Laut dem rumänischen Verteidigungsministerium hat ein spanischer Kampfflugzeug eine Drohne abgeschossen, die in den rumänischen Luftraum nahe der Grenze zu der Ukraine und Moldau eingedrungen war. Der Vorfall ereignete sich am Sonntag um 5:01 Uhr Ortszeit (0201 GMT), wobei die Drohne von einem F-18-Flugzeug abgefangen wurde, das für NATO-Aufgaben eingesetzt wurde.
Die Drohne betrat den rumänischen Luftraum von Moldawien aus und unterstrich die anhaltenden Risiken, denen NATO-Mitglieder entlang der Ostfront ausgesetzt sind. Rumäniens Ostküste, die an das Schwarze Meer grenzt, ist aufgrund ihrer Nähe zu Gebieten, die häufig von Angriffen betroffen sind, besonders anfällig. Seit 2023 haben die Behörden wiederholt Drohnentrümmer auf rumänischem Boden entdeckt, die mit russischen Angriffen auf ukrainische Häfen entlang der Donau verbunden sind, die sich direkt über die Grenze befinden. Ähnliche Vorfälle wurden in anderen NATO-Ländern wie Polen und den baltischen Staaten gemeldet, was die wachsende Bedrohung durch unautorisierte Drohnenaktivitäten unterstreicht.

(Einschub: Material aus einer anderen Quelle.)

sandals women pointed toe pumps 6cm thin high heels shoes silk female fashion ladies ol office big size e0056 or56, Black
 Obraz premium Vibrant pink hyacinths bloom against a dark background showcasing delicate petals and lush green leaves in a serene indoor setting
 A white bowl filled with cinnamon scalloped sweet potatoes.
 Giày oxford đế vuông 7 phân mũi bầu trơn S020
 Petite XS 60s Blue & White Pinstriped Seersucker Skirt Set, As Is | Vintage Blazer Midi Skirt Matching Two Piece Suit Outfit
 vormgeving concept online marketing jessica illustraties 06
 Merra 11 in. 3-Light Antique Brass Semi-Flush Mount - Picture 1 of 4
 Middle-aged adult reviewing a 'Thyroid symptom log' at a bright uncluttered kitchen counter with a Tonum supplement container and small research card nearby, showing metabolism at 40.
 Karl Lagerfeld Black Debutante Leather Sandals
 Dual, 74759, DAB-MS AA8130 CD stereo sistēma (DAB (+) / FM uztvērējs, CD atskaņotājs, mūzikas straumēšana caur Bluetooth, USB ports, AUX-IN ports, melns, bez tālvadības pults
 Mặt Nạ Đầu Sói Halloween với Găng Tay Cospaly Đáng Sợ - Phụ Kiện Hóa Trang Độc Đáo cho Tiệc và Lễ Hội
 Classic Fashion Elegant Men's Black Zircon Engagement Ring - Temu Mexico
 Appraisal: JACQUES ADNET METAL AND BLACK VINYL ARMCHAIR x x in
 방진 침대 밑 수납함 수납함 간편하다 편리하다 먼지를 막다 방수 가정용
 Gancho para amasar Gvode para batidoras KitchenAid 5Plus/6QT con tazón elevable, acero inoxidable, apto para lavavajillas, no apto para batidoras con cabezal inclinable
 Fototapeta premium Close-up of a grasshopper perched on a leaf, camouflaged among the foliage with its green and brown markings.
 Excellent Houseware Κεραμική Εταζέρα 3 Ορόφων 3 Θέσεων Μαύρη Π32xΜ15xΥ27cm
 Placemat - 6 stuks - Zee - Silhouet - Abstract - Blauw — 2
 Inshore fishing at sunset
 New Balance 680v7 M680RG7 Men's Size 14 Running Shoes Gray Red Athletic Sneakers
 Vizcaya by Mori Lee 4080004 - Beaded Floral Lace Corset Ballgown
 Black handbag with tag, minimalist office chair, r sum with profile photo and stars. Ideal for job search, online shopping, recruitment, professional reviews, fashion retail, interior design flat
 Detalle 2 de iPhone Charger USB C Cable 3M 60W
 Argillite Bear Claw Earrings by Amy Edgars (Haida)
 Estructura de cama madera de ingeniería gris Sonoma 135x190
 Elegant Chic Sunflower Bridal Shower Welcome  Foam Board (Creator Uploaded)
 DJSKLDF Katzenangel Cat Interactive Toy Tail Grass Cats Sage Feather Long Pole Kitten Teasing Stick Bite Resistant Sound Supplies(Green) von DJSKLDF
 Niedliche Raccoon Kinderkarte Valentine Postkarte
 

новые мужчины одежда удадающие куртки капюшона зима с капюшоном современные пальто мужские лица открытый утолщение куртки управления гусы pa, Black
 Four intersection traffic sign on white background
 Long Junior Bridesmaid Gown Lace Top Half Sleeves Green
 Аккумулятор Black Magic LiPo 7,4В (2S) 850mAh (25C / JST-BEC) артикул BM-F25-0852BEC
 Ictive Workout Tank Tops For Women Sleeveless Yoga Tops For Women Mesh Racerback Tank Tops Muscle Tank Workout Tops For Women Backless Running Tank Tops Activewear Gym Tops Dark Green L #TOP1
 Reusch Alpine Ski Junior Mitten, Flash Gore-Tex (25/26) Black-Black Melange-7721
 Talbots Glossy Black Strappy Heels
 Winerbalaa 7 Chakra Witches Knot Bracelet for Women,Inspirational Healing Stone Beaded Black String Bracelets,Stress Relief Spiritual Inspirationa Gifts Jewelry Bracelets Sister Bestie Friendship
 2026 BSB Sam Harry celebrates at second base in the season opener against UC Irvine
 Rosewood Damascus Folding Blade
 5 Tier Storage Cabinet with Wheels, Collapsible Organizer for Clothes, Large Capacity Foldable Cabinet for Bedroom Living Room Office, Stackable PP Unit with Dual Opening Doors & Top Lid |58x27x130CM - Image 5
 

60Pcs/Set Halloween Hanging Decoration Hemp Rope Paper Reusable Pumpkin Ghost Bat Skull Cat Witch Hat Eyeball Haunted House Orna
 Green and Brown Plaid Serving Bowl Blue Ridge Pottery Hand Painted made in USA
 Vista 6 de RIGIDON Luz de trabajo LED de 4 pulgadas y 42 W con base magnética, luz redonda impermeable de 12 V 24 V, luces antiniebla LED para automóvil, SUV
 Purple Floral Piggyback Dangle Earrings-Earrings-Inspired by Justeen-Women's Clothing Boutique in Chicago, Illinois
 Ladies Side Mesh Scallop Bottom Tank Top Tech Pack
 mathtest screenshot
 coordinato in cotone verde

Das Verteidigungsministerium Lettlands bestätigte, dass NATO-Jets am Freitag eine Drohne in seinem Luftraum abgeschossen hatten. Nach Angaben des Ministeriums war die Drohne in das östliche Lettland eingedrungen, was zu einer Alarmierung des Militärs führte. Ein NATO-Sprecher erklärte, dass ein italienisches Kampfflugzeug, das unter der Luftpolizei-Mission der Allianz operierte, die Drohne abgefangen hatte. Die Herkunft der Drohne wurde nicht sofort angegeben, obwohl eine Untersuchung im Gange ist. Dies folgt ähnlichen Vorfällen zu Beginn des Jahres, einschließlich eines im Juni, als französische Rafale-Jets, die in den baltischen Staaten stationiert waren, eine Drohne in Lettland abschossen.
In der Zwischenzeit berichteten die Behörden in der russischen Region Leningrad, dass die Luftverteidigung in der Nacht mehr als 50 ukrainische Drohnen abgeschossen hatte. Der Regionalgouverneur Aleksandr Drozdenko stellte fest, dass in der Hafenstadt Ust-Luga, am Golf von Finnland, ein Feuer ausgebrochen ist. Dies kommt inmitten erhöhter Spannungen in der Region, da Finnland sowohl den Luft- als auch den Seeverkehr im östlichen Teil des Golf von Finnland vorübergehend eingeschränkt hat. Die finnischen Verteidigungskräfte beschrieben die Maßnahmen als Vorsichtsmaßnahmen, die darauf abzielen, die öffentliche Sicherheit zu gewährleisten und die Einsatzbereitschaft gegen mögliche Drohnenbedrohungen aufrechtzuerhalten.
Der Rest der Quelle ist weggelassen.